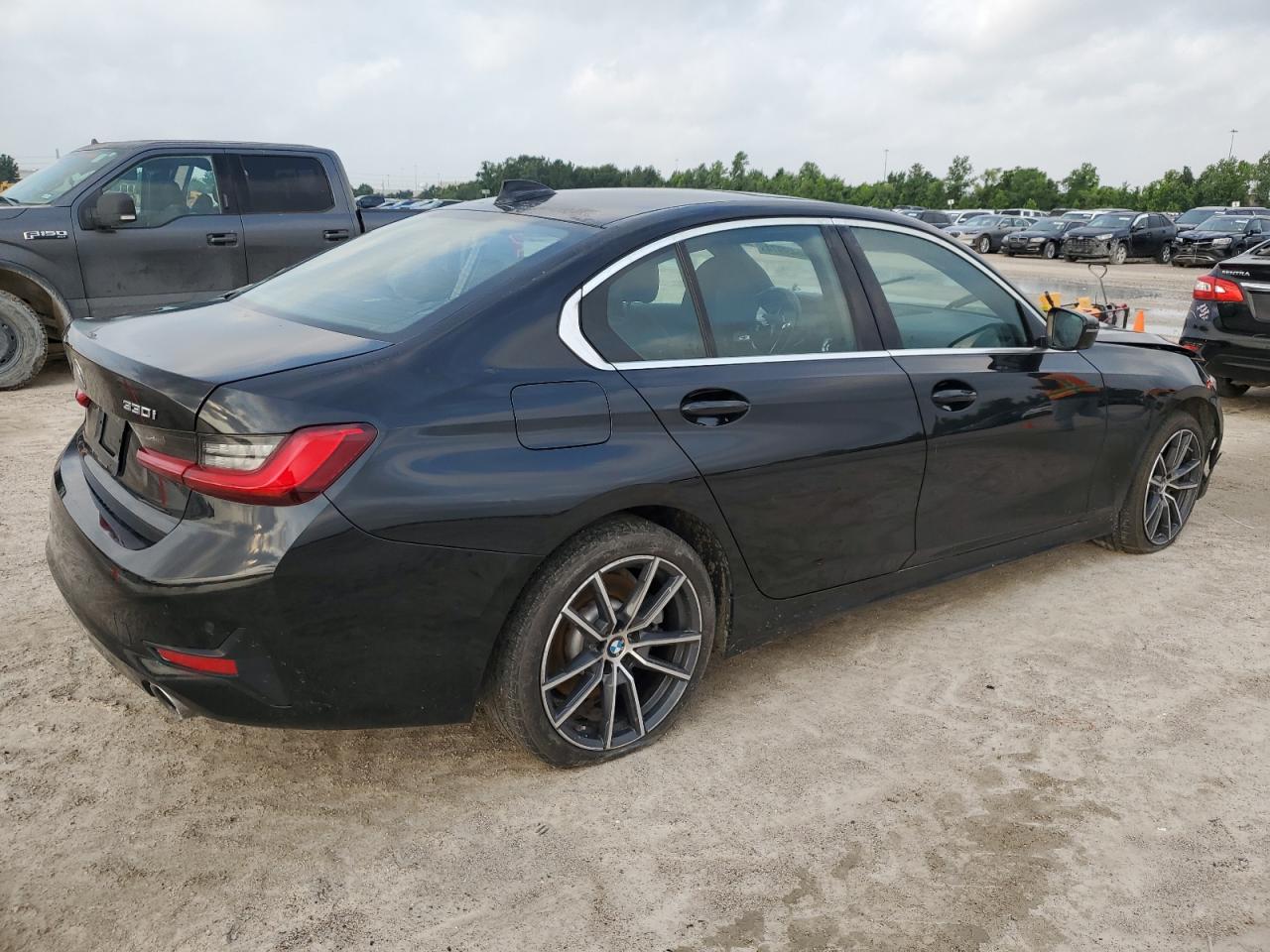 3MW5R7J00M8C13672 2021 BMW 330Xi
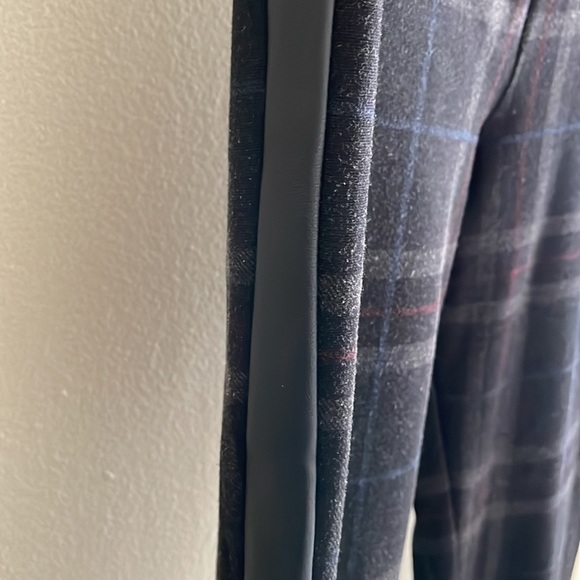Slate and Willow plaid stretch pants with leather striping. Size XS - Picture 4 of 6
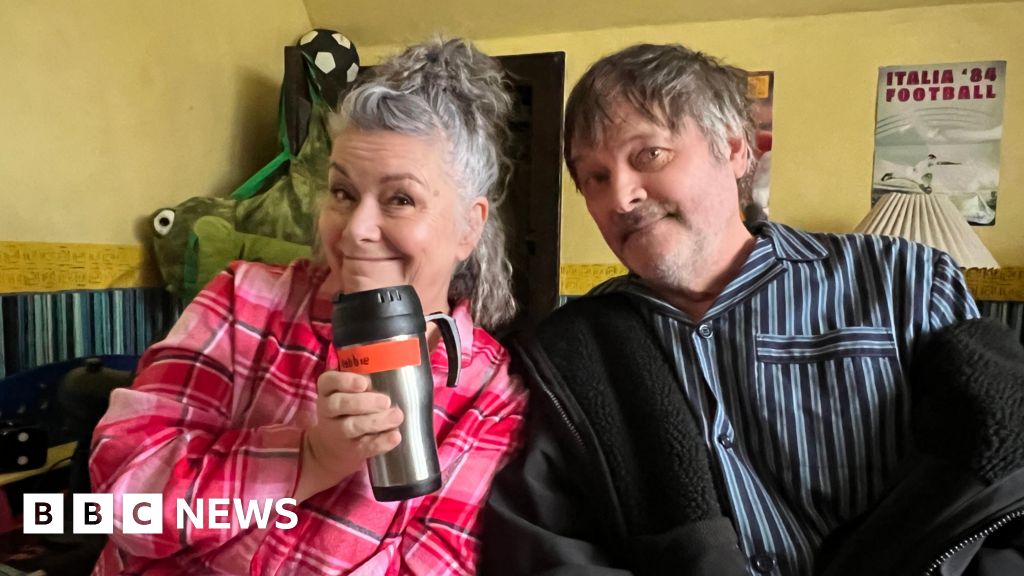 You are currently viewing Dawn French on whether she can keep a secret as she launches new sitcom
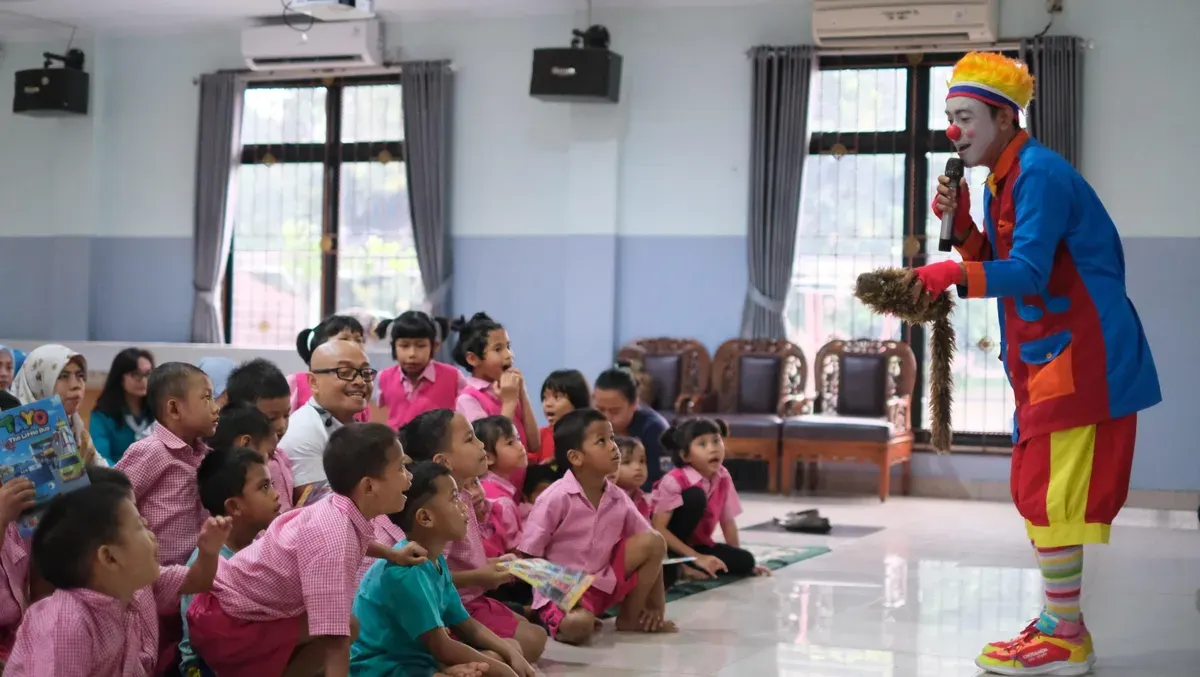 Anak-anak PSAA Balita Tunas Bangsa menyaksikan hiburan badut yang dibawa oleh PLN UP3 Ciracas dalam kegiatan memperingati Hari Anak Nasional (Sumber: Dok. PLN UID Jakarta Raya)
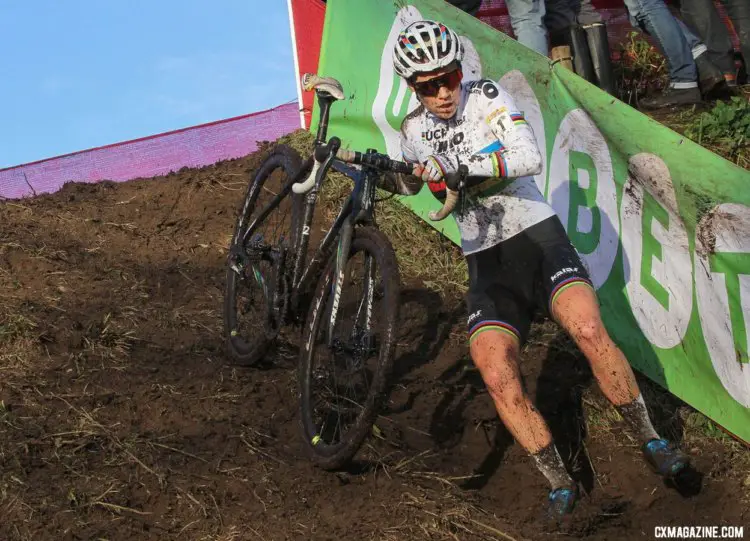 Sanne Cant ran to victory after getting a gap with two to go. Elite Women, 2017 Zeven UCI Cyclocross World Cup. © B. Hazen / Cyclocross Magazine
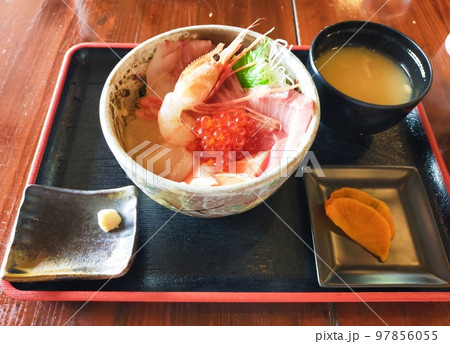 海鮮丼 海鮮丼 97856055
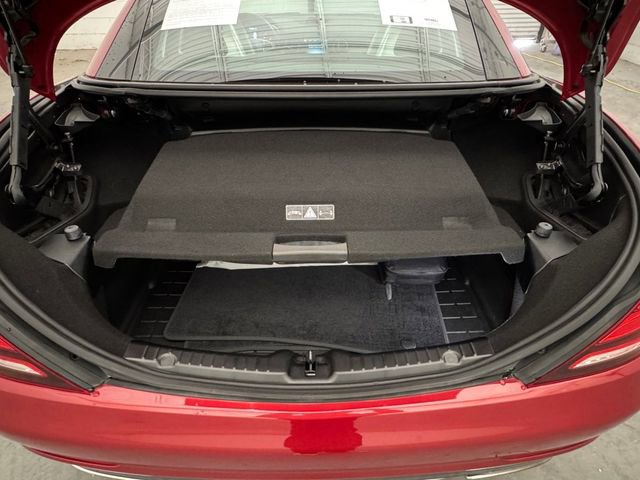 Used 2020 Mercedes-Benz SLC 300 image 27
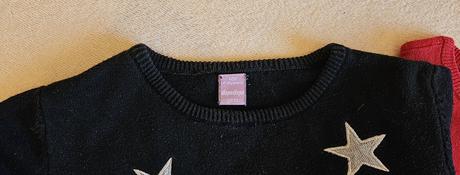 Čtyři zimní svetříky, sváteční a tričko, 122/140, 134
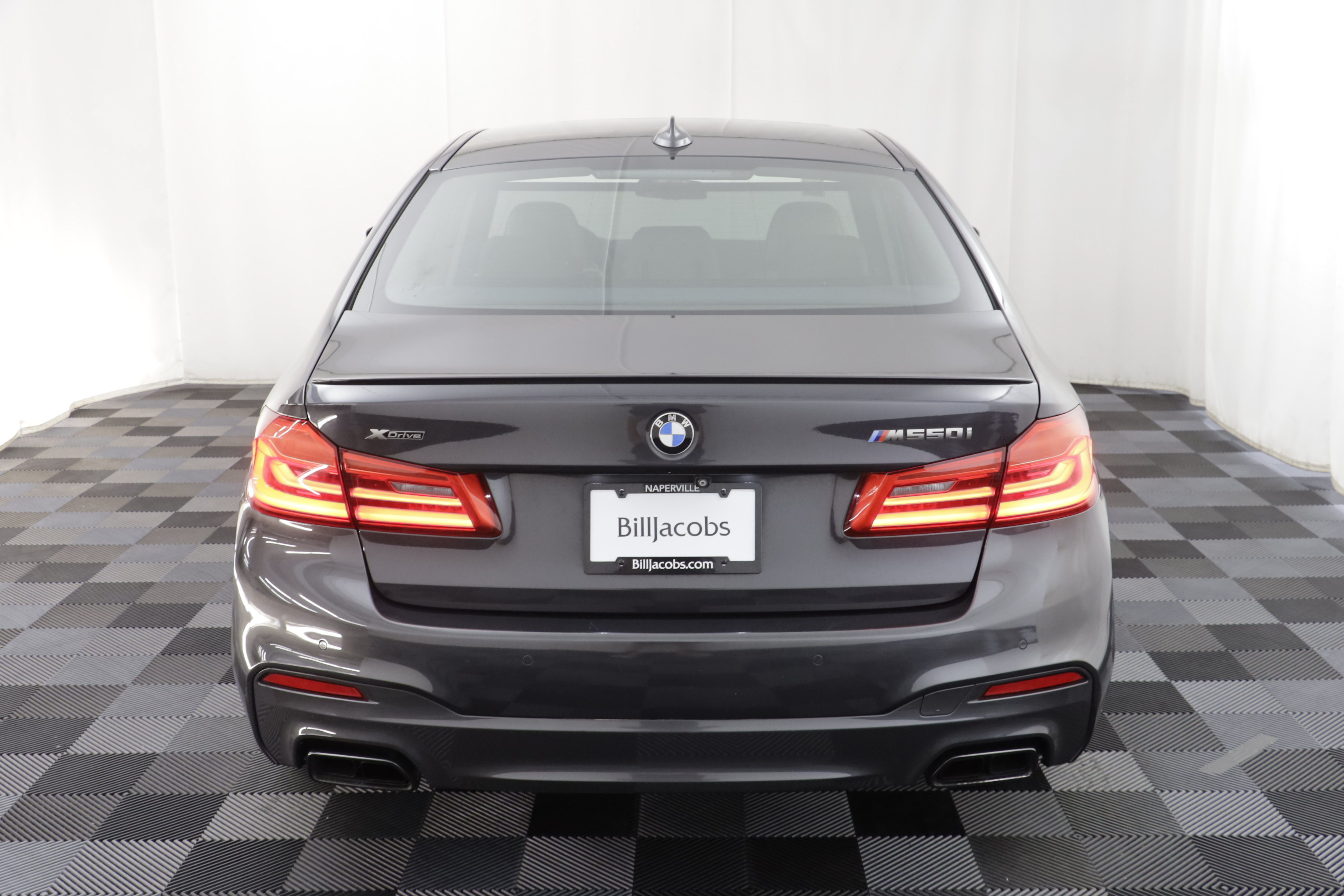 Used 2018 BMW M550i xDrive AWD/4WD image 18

——

GOAL OF THE EXERCISE
Your task is to reproduce exactly the lines from the start of the data above through the line containing "海鮮丼 海鮮丼 97856055", leaving every picture out.

ANSWER BOX
 3MW5R7J00M8C13672 2021 BMW 330Xi
Slate and Willow plaid stretch pants with leather striping. Size XS - Picture 4 of 6
 You are currently viewing Dawn French on whether she can keep a secret as she launches new sitcom
 Anak-anak PSAA Balita Tunas Bangsa menyaksikan hiburan badut yang dibawa oleh PLN UP3 Ciracas dalam kegiatan memperingati Hari Anak Nasional (Sumber: Dok. PLN UID Jakarta Raya)
 Sanne Cant ran to victory after getting a gap with two to go. Elite Women, 2017 Zeven UCI Cyclocross World Cup. © B. Hazen / Cyclocross Magazine
 海鮮丼 海鮮丼 97856055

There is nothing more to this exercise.